The way this is going, the next thing we find out he was actually born in Kenya.
heywood on 26/10/2020 at 16:28
Quote Posted by Nameless Voice
I still find it depressing that the Democrats would rather keep the status quo where the Republicans get to be in power (doing massive damage to the country) for roughly half of the time, rather than risking another party having a chance by actually fixing the completely broken electoral system.
The problem is that the electoral college is specified by the Constitution, and the Constitution was written to make it hard to change. To move a proposed amendment forward to the ratification process, you either need 2/3 vote of both the US House and Senate, or petition by the legislatures of 2/3 of the states. And then 3/4 of the states need to ratify it. It's a very high bar. Right now, the electoral college is perceived to favor Republicans, so states under Republican control are unlikely to ratify a change. On top of that, most of the less populous (smaller or rural) states prefer the electoral college because it allows them to use a winner-take-all system, which amplifies their influence on the election. They fear that with a national popular vote, there would be no reason for candidates to pay attention to them because they wouldn't have any influence on the outcome. The same motivation is why we have an oddly long and drawn out primary campaign season for Presidential elections.
Quote:
Ireland, by some strange and happy accident, has one of the best electoral systems in the world: the single transferable vote. In each election, you can vote for as many candidates as you want, in order of preference, and if your first choice is eliminated, your vote instead goes to your second, and so on down the list.

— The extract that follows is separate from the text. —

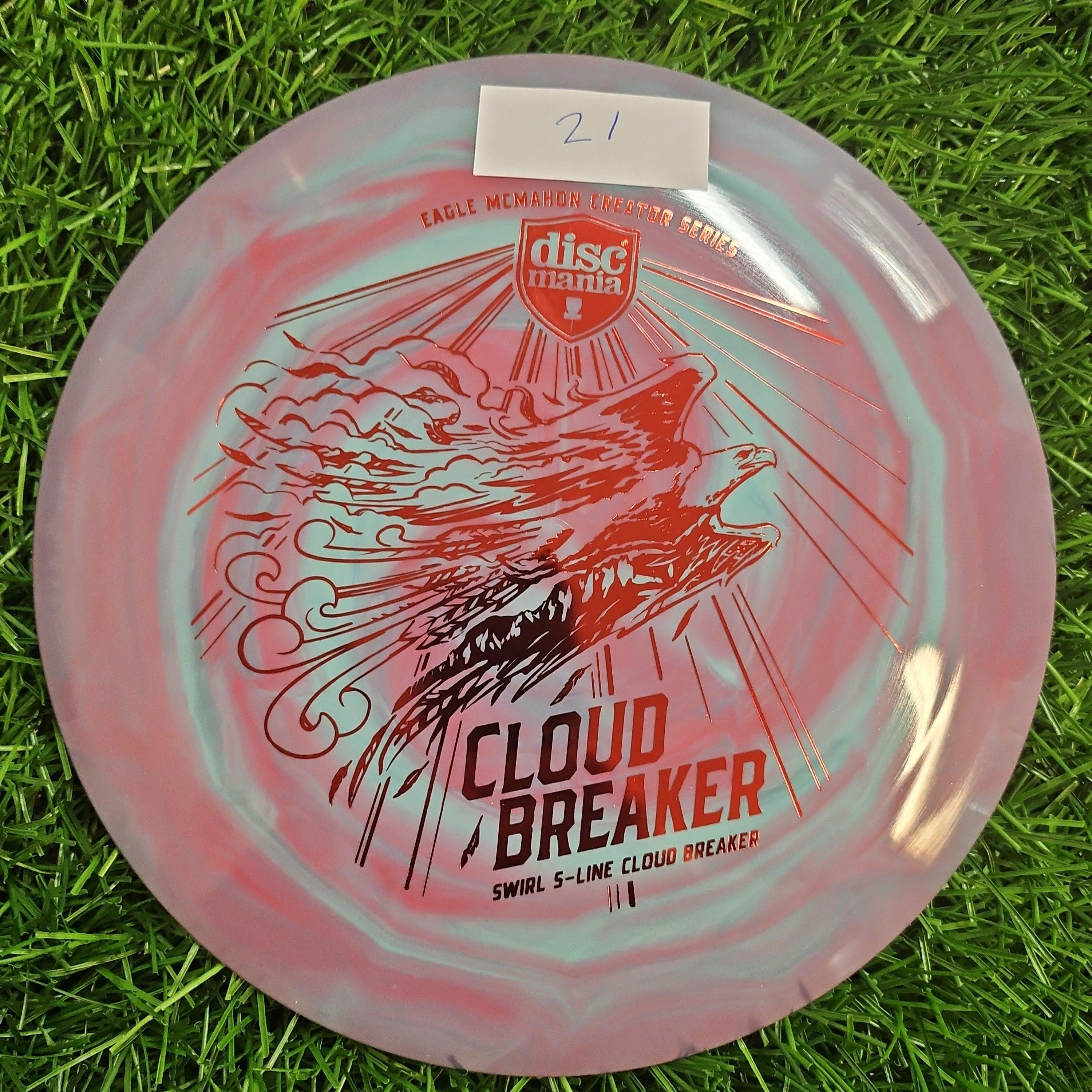 Swirl S-line Cloud Breaker - Eagle McMahon Creator Series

In the case of the USA, that would effectively mean that the vast majority of the third-party votes would instead go to Democrats, as the lesser of the two remaining evils chosen as the second choice of those who want third parties like the Greens.

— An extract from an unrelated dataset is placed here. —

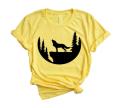 Wolf Wildlife Shirt | Tree Graphic Tee | Nature Shirt | Tree Silhouette Shirt | Youth or Adult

But once they head down that path, there's always a chance that one of those third parties might actually gain significant ground, because voting for them is no longer shooting yourself in the foot if you don't want the Republicans to get into power.
We have one state right now, Maine, who uses the ranked choice/single transferable vote system for state and federal elections
except for President. There's also a ballot initiative for ranked choice voting in Massachusetts which is up for a vote this Nov. I'm not sure whether it will pass, because there's a lot of people undecided. There was also a petition in California this year, but it didn't get enough signatures to make the ballot. I think it's a good idea and hope it gains traction.
Starker on 26/10/2020 at 21:49
And the time window for the prophesised mass arrests grows ever smaller.
Quote:
(
https://trac.syr.edu/tracreports/crim/629/)
[...]
The number of prosecutions for child sex trafficking has significantly declined during the Trump Administration, after climbing steadily during the Obama years. Prosecutions reached a peak of 273 and 277 in FY 2016 and FY 2017, respectively. Since then, the number of cases dipped to 221 in FY 2018, and then continued to decline to less than 200 in FYs 2019 and 2020. See Figure 1. (See also Table 1 at the end of the report.)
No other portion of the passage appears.